We climbed up and up to the top of Barcoli castle and then down in to the town of Garibaldi. We looked for the biscuits but couldn’t find them! As we wound down we passed loads of lemon and apricot trees. Jesus they have big, bobbly lemons here. This area is well known for its Limoncello – pure alcohol & lemon zest. Worth a try on a nice sunny day.
Eventually we reached the little port were we looked out to the bay with Vesuvius to the left and Ischia Island to the right. Even on a gloomy day like today, it looked beautiful.
Back at Homer and first things first… smackaroo dog chew for Vincenzo the dog. The least we could do for the best tour guide to date.

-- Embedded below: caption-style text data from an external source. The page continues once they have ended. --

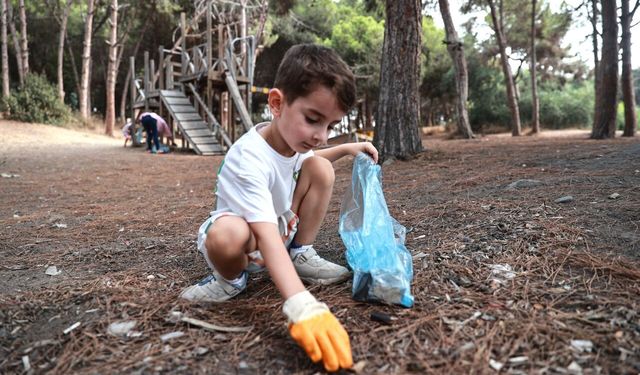 Mersin’de Aras, Yaşıtlarıyla Ağaçlık Alanı Temizledi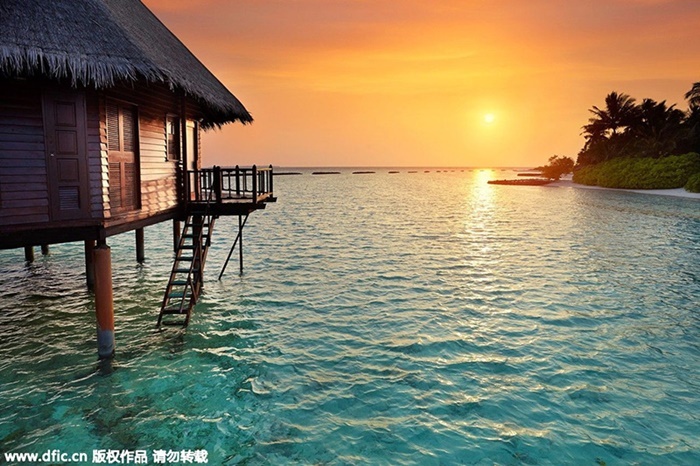 Hoàng hôn ở Maldives quá đẹp và lãng mạn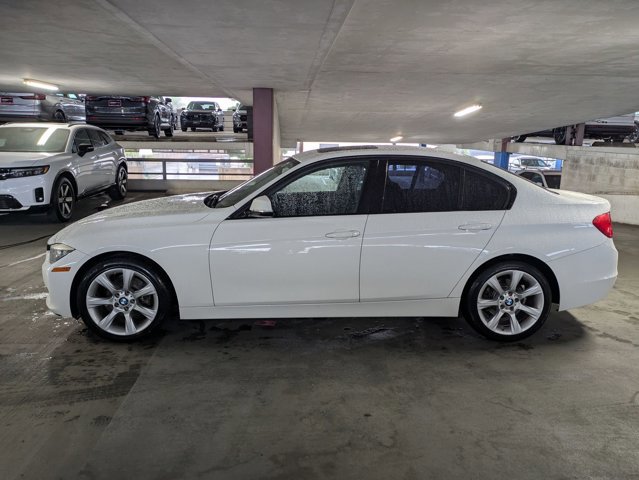 Used 2015 BMW 320i Sedan image 9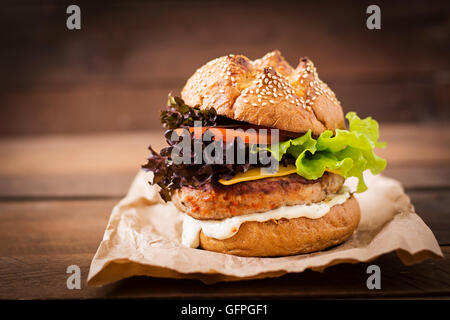 Big Sandwich - Hamburger mit saftigen Truthahn Burger, Käse, Tomaten und Tartar sauce Stockfoto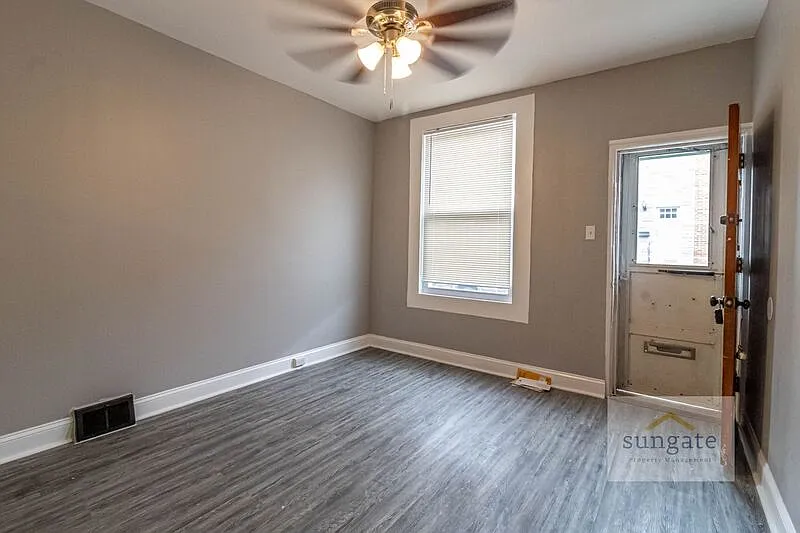 2 bed, 2.0 bath, 1104 sqft, $1,000 — Photo 2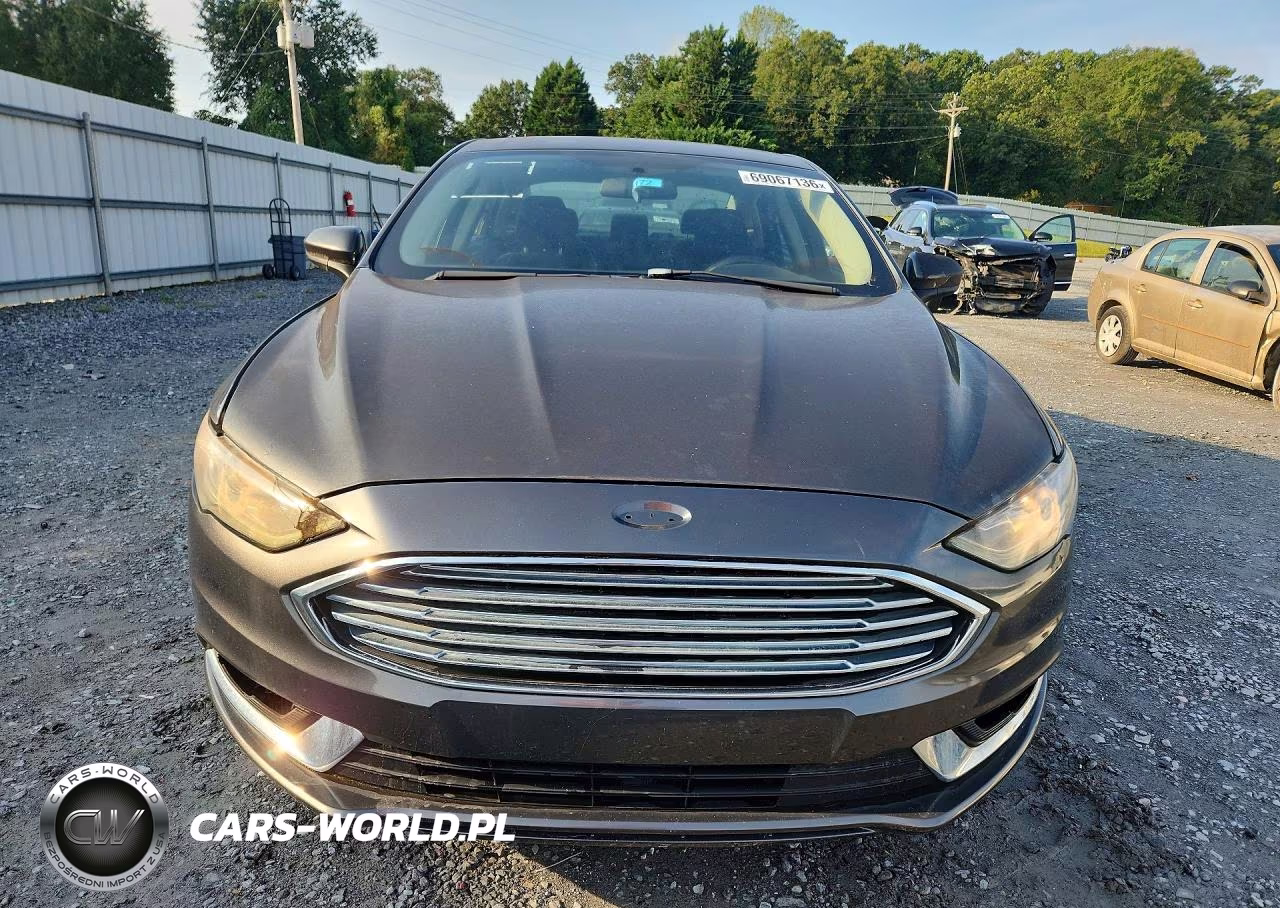 2018 Ford Fusion Se VIN:3FA6P0H76JR131254 - 5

Sunday 4 May: Bacoli Day 2
Hurray the sun has his hat on. Quick breakfast and off out on the bikes. Peanut was all excited and sneezed with excitement. We cycled out of town towards Baia and there on the side of the road was an ancient amphitheatre. This area is covered in ruins and they’ve not even started to excavate or research. We cycled around the lago d’averno, an extinct volcanic crater. The locals call the lake Gateway to Hades because the vapours are meant to cause illness and death. After the lake we headed up towards the top of the phelegrean field entrance. There smell of sulphur was pretty strong today and as we climbed higher and higher, it got quite strong. About half way up and I had to push the bike, it was too steep. By the time I got to the top I was wet through. My skin was like Sellotape, so tacky all my clothes were stuck to me. I couldn’t wait to head back down and feel the cool breeze as I free wheeled all the way to the bottom.

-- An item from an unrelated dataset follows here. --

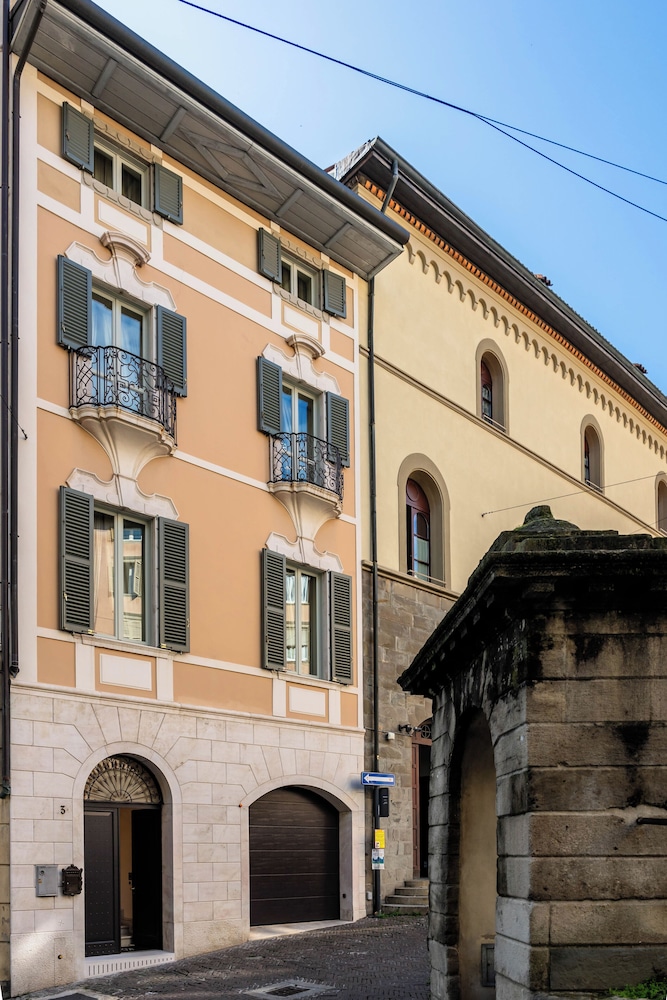 Palazzo Porta Picta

Back in town and the church bells were ringing. The locals were pouring out of the church on to the street. All dressed in their Sunday best and having a good chin wag with their friends and family. As we cycled around you could see the families heading towards the port cafes for lunch. Hearing the church bells and seeing all the people reminded me of when I was little. I used to love the sense of the community spirit. The church on the opposite corner to where I lived (in a pub) used to ring its bells with pride. I loved to watch the bells from my bedroom window wishing I could go to a that church rather than St Richards (just cause it had bells).
In the afternoon we did a spot of washing mainly bedding and towels. We have two mobile washing machines – one for on the move and one for when we’re static. I’ll tell you about our mobile one another day but our static washing machine is quite good, Craig’s the drum and I am the cycle and it all centres around a big plastic tub. After finding freezing water we put in a little fairy, lathered it up and then dunked in the clothes. Craig then jumps around in bare foot and stomps on the clothes. For a top wash I just put on some fast music and Craig dances faster. Its ace.
Back in Homer just chilling when all of a sudden we heard the sound of a plodding diesel. By now we know that means another motorhome. Up we popped and said hello to our new neighbours all the way from Geordie Land. Val & Dave now lived in Spain but originally from Newcastle. They were on holiday for 6 weeks or so and heading to Sicily, so no doubt we’ll bump in to them at several points along the way.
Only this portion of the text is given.